In an unanimous decision, the Supreme Court sided with Merrill Lynch & Co. in limiting the rights of some shareholders to bring class-action cases. The loophole would have allowed class-action securities lawsuits to proceed at the state level.

In the opinion, written by Justice John Paul Stevens, the justices said that the case fell outside the scope of the Securities Litigation Uniform Standards Act of 1998. The law had been aimed at restricting civil class-action securities lawsuits, but several attorneys have sought ways around the statutes to the state level, where local laws can allow broader claims.

The actual case concerned a lawsuit filed by a former Merrill Lynch broker, Shadi Dabit, who said that research reports issued by the securities firm were biased. Among other things, the class-action suit alleged that the fraud harmed brokers' personal portfolios and their businesses. Dabit pursued his case under Oklahoma state law.
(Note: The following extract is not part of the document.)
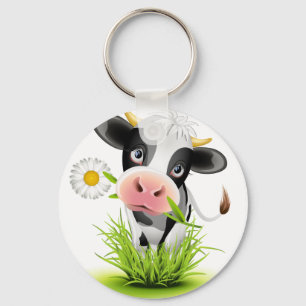 Chaveiro Vaca de Holstein na relva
Merrill Lynch has already paid $100 million in fines related to its research-reports practices and has faced lawsuits from different classes of investors beyond the brokers' case.
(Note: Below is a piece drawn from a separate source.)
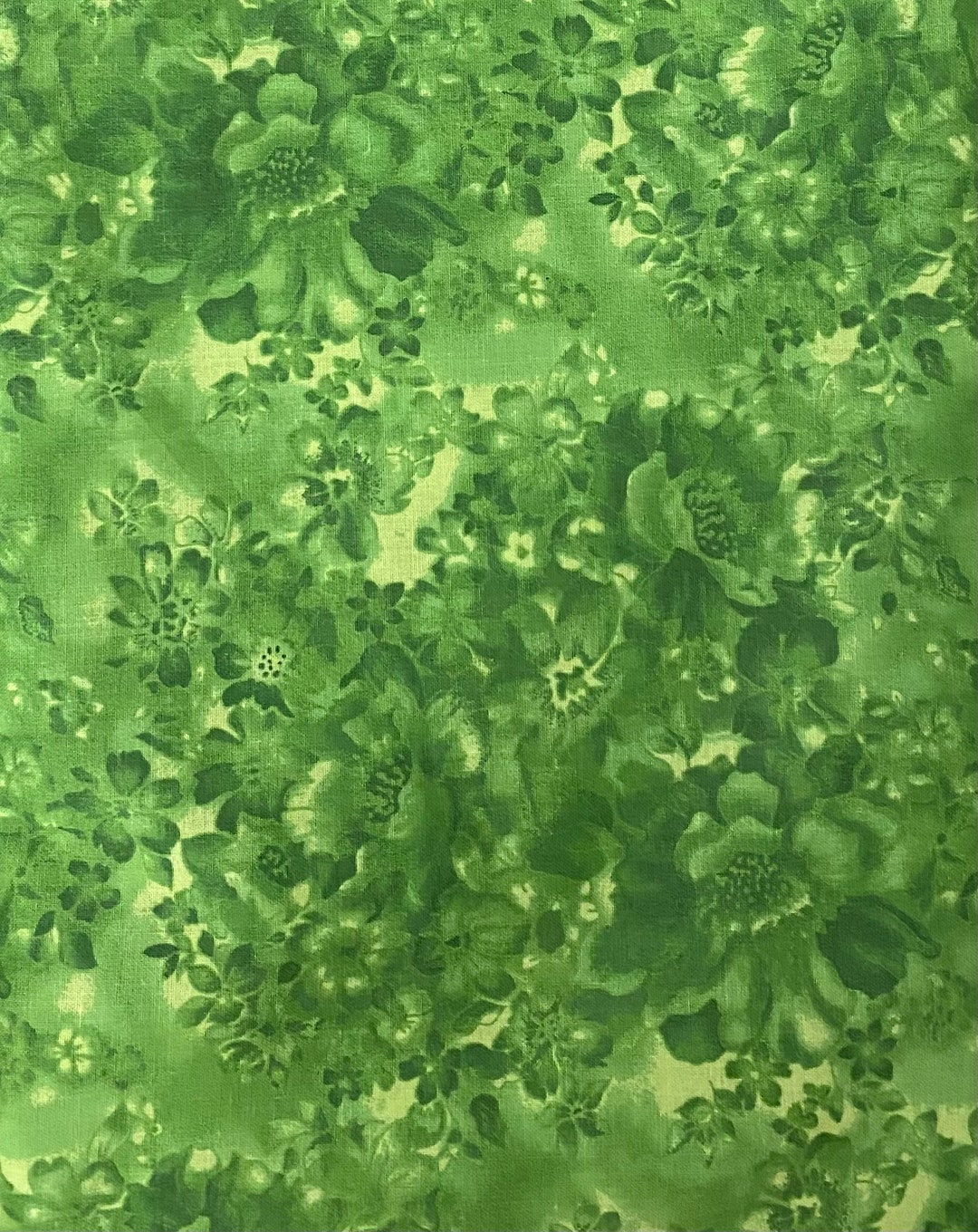 Green Fabric by the Yard, Green Floral Fabric, Green Flower Fabric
"[The decision] is of great significance to all publicly traded companies and financial services firms, as securities class-action plaintiffs will no longer have the ability to bring so-called 'holders' class-action suits," said Merrill Lynch's law firm, Skadden Arps Slate Meagher & Flom, in a statement.

Most shareholder class actions involve allegations that an investor was misled in being convinced to buy or sell stock. " Holders" are investors who supposedly would have sold their shares but instead held them or were convinced not to buy shares.